I was privileged to be a guest when the Derwent Decorative & Fine Arts Society listened to a presentation about the 158 Squadron RAF Memorial on the site of RAF Lissett, by the artist Peter Naylor.
The story of 158 Squadron encapsulates the sacrifice of the men of Bomber Command in the Second World War. 851 personnel of the squadron were killed while based at RAF Lissett. Across Bomber Command as a whole, nearly 65% of those who flew didn’t come back. Their average age was 22. They were all volunteers.
Located on the East Yorkshire coast south of Bridlington, Lissett was the closest Yorkshire RAF base to Germany. It operated from February 1943 and was abandoned at the end of the War when 158 Squadron became part of Transport Command.

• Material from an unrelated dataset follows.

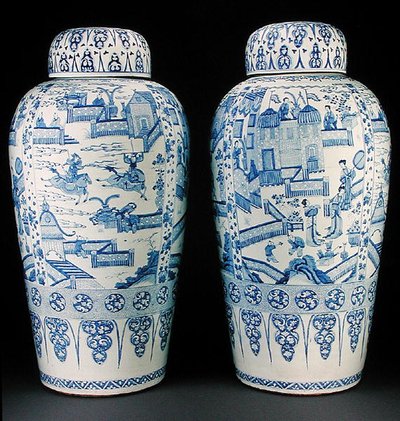Bir çift mavi beyaz asker vazosu, c.1700 (porselen) by Qing Dynasty Chinese School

When Novera Energy PLC took over the site for a wind-farm in 2007, they agreed to finance a memorial to 158 Squadron, and the design competition was won by the Beverley artist Peter Wallwork Naylor: http://www.peternaylor.co.uk/public/158_Squadron_Memorial.html.
His vision is a silhouette in 15mm weathering steel of a seven-man bomber crew, based on a photograph. The figures are eight feet high, and the composition is curved so that on the seaward, convex side, the men are marching out to fight, and on the landward, concave side, they are returning home – as so many of them were unable to do.
On the steel are engraved the names of the 851 personnel who lost their lives, placed randomly rather than in alphabetical order, with the added phrase “And for all who served with 158 Squadron”.
It’s a particularly powerful image to come across, driving down a quiet lane in the depths of East Yorkshire: http://www.158squadron.co.uk/158_Squadron_pages/158_Memorial.html.
There’s a lay-by with informative interpretation boards.
In the fields behind the memorial are Novera Energy’s twelve huge wind-turbines, made in Germany.